The answer must consist solely of the lines from the one containing "Transmembrane Protein 18" through the last line of the records below, repeated exactly, with all pictures omitted.

[[ Exercise materials open ]]

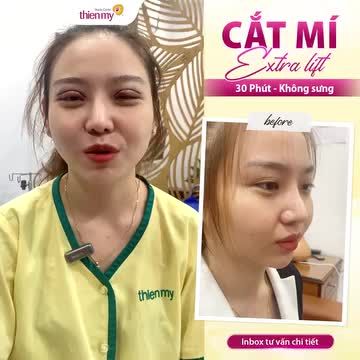 CẮT MÍ EXTRA LIFT – BÍ QUYẾT CHO ĐÔI MẮT TO TRÒN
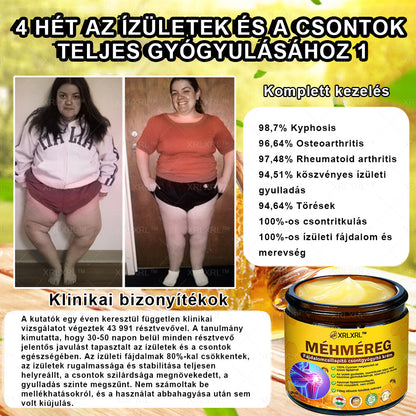 👍XRLXRL™ Méhméreg Fájdalomcsillapító Csontregeneráló Krém (Speziell für ältere Erwachsene & von der AAOS empfohlen)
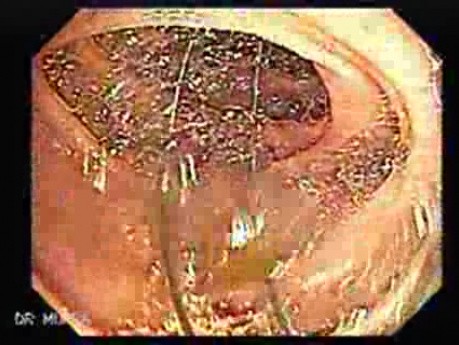 Dental Prothesis Found in the Jejuno (3 of 9)
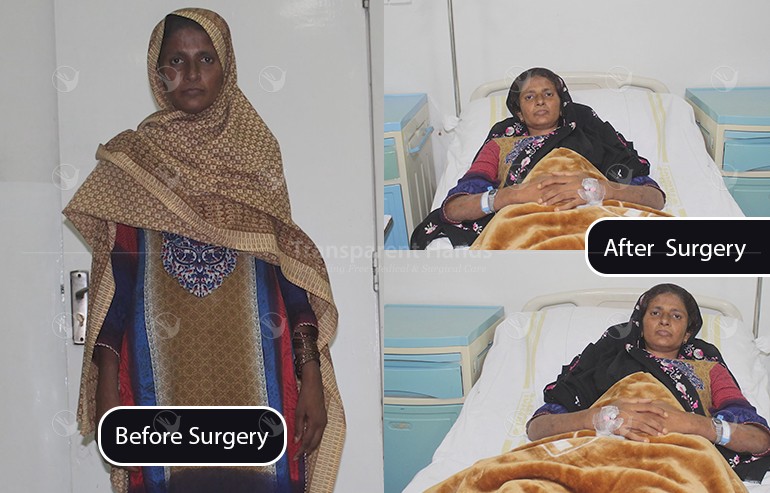 Sughran Hip Replacement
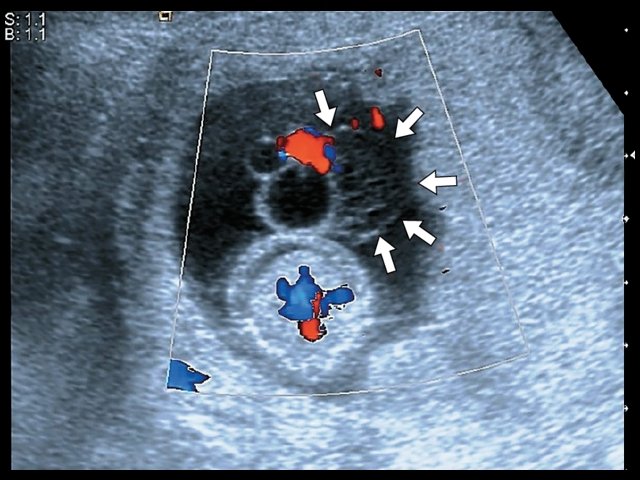 Гетерогенное образование, связанное с пуповиной (стрелки), асцит - поперечное трансабдоминальное сканирование, режим ЦДК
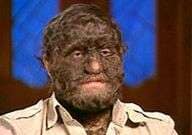 Real-Life Werewolves Image 7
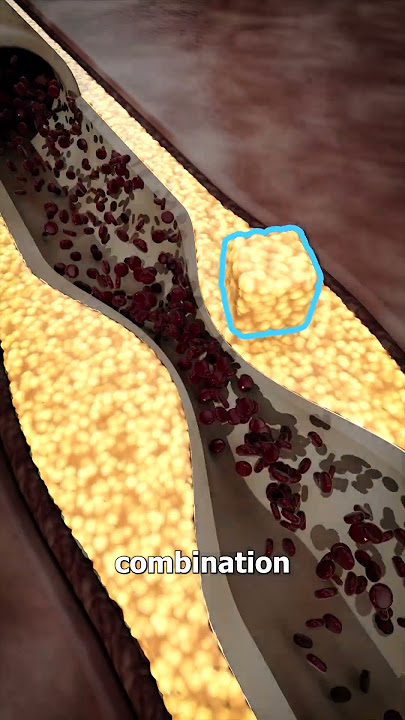 The Biology Of A Heart Attack 🫀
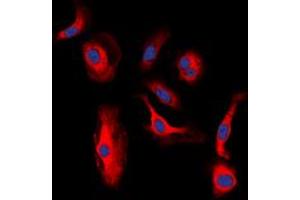 Immunofluorescent analysis of HER3 (pY1328) staining in MCF7 cells. (ERBB3 antibody  (C-Term, pTyr1328))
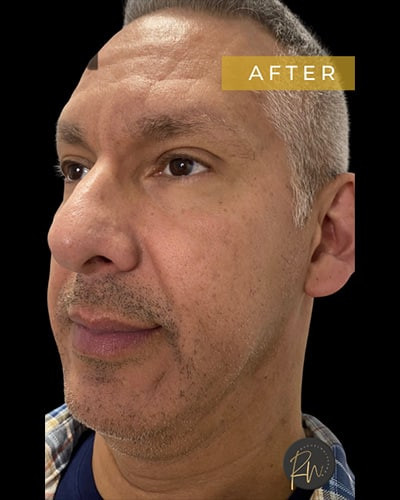 After Image: Case #5880 – Multimodality Laser Scar Resurfacing and Filler Placement - left-front-oblique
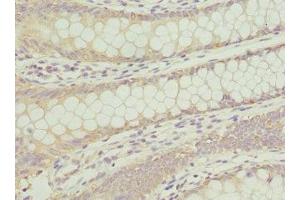 Immunohistochemistry of paraffin-embedded human colon cancer using ABIN7144072 at dilution of 1:100 (ANAPC2 抗体  (AA 1-230))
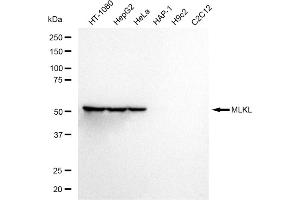 Western blotting analysis using MLKL antibody (ABIN7799478).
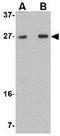 Transmembrane Protein 18 antibody, GTX31972, GeneTex, Western Blot image 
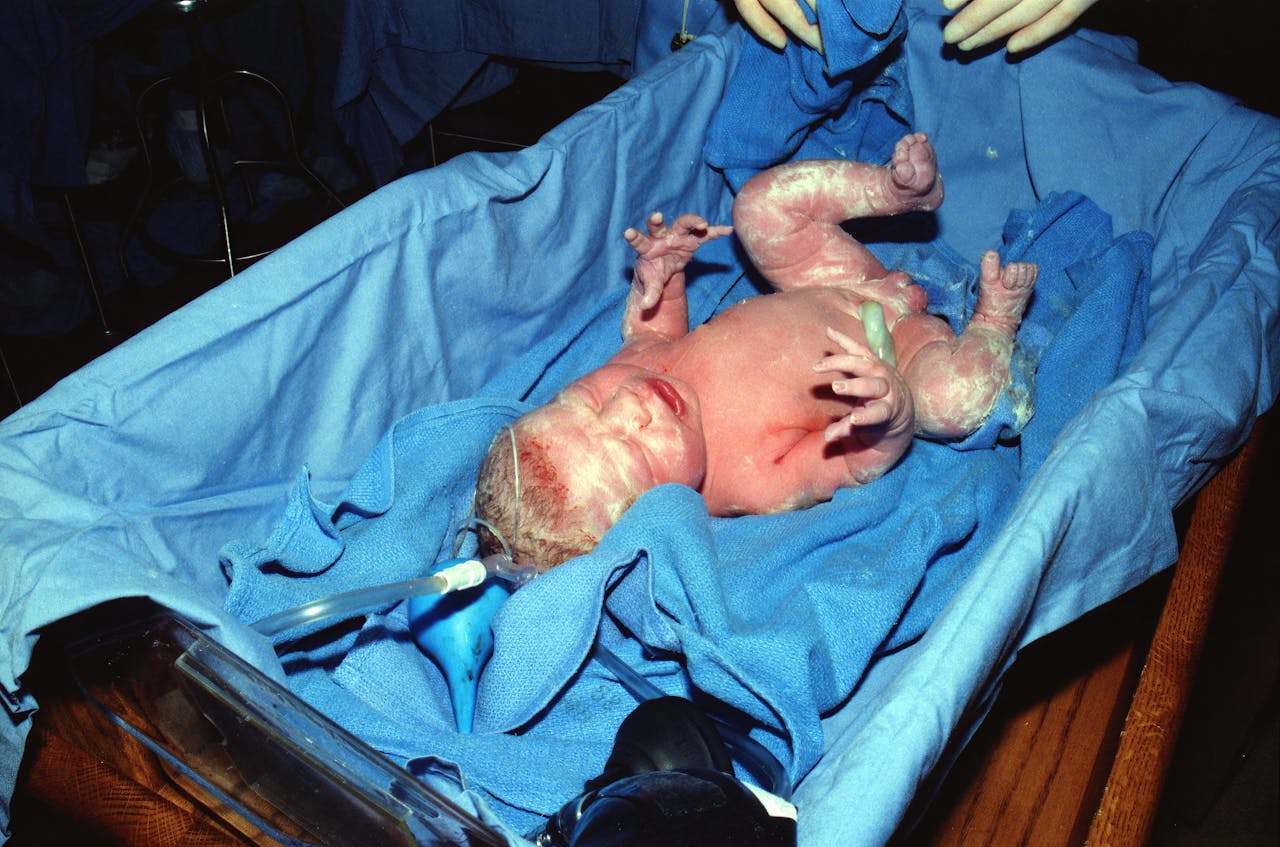 A newborn baby is cared for moments after birth in a hospital environment.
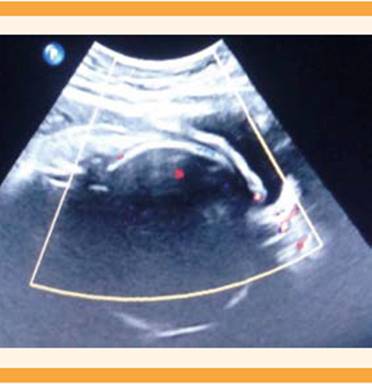 
						Ultrasonograma Doppler del segmento uterino, con vascularidad
							normal.
					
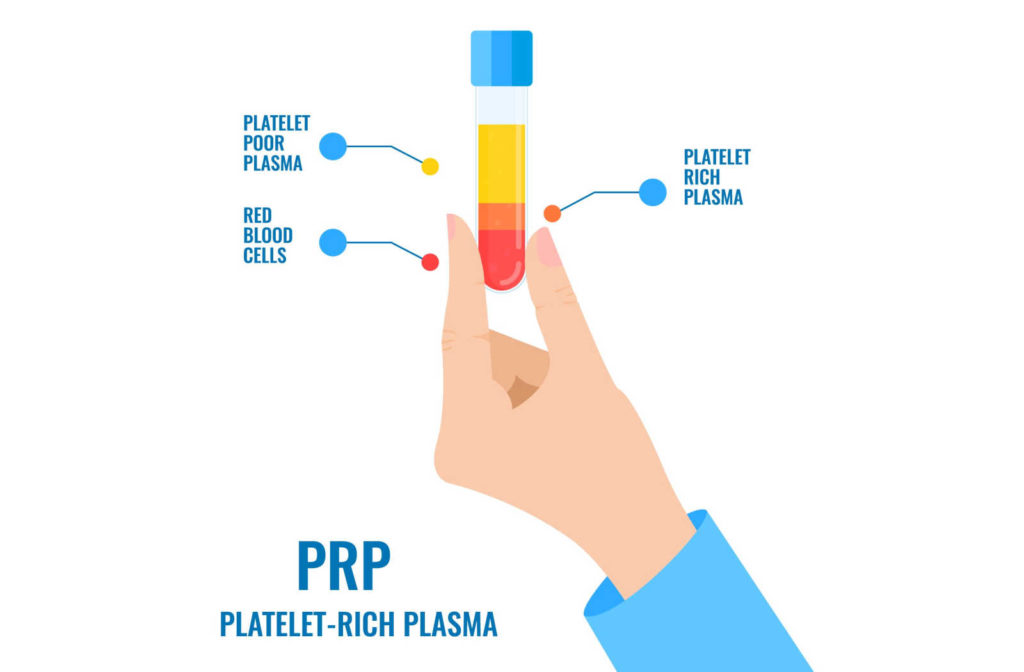 Vector image of a hand holding a test tube after centrifuge with platelet poor plasma, platelet rich plasma, and red blood cells. 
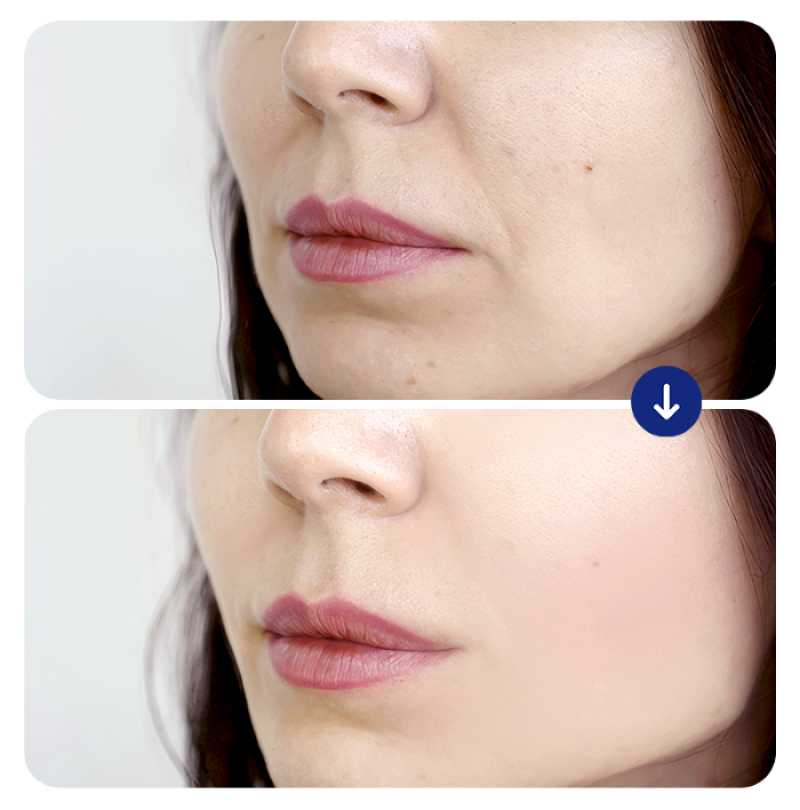 tre-hoa-da-tieu-phau-14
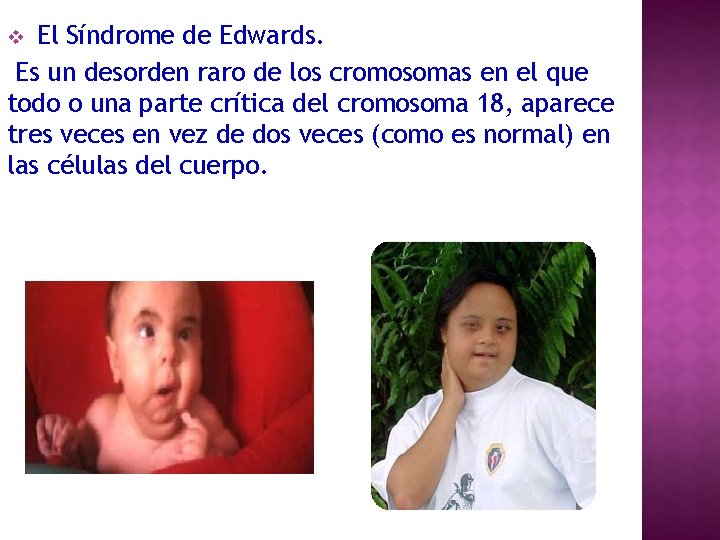 El Síndrome de Edwards. Es un desorden raro de los cromosomas en el que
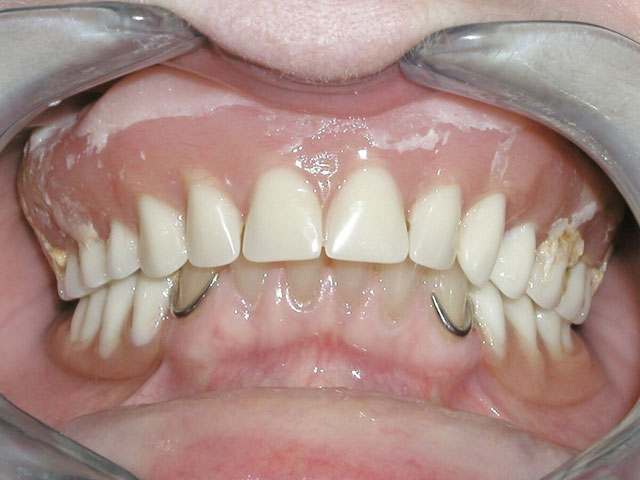 Smile Gallery image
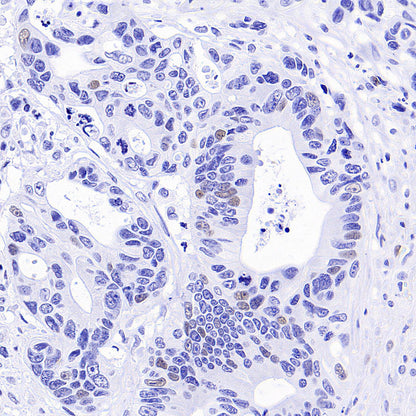 Cyclin E2 Recombinant Rabbit mAb (S-5247)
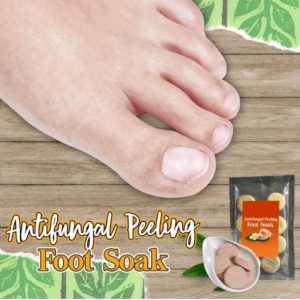 Anti-fungal Peeling Foot Soak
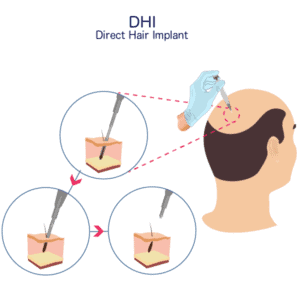 DHI-Hair-Transplant-Procedure-min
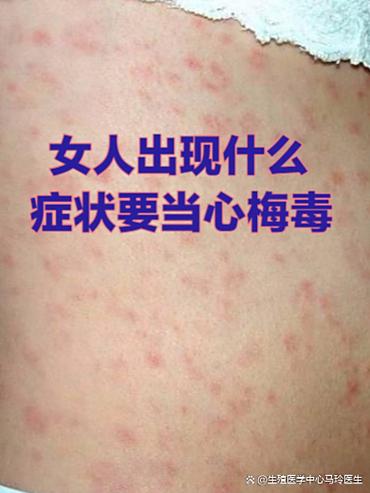 女人梅毒是什么症状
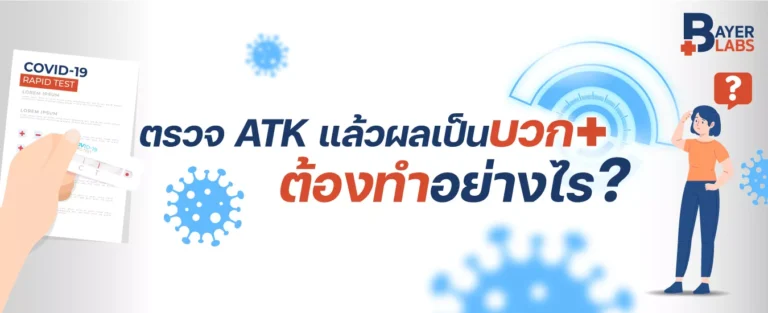 ตรวจ ATK แล้วผลเป็นบวกต้องทำอย่างไร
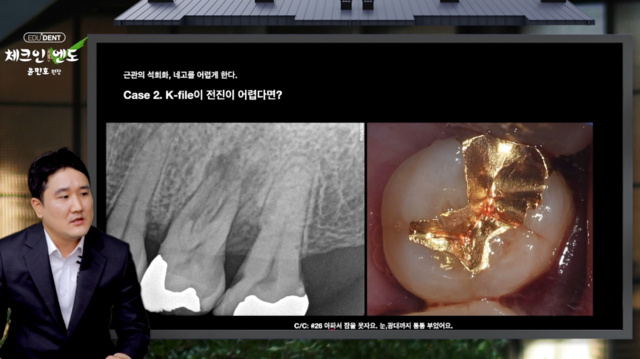 석회화된 근관, 네고의 함정을 파헤치다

[[ Exercise materials closed ]]

Your response:
 Transmembrane Protein 18 antibody, GTX31972, GeneTex, Western Blot image 
 A newborn baby is cared for moments after birth in a hospital environment.
						Ultrasonograma Doppler del segmento uterino, con vascularidad
							normal.
					
 Vector image of a hand holding a test tube after centrifuge with platelet poor plasma, platelet rich plasma, and red blood cells. 
 tre-hoa-da-tieu-phau-14
 El Síndrome de Edwards. Es un desorden raro de los cromosomas en el que
 Smile Gallery image
 Cyclin E2 Recombinant Rabbit mAb (S-5247)
 Anti-fungal Peeling Foot Soak
 DHI-Hair-Transplant-Procedure-min
 女人梅毒是什么症状
 ตรวจ ATK แล้วผลเป็นบวกต้องทำอย่างไร
 석회화된 근관, 네고의 함정을 파헤치다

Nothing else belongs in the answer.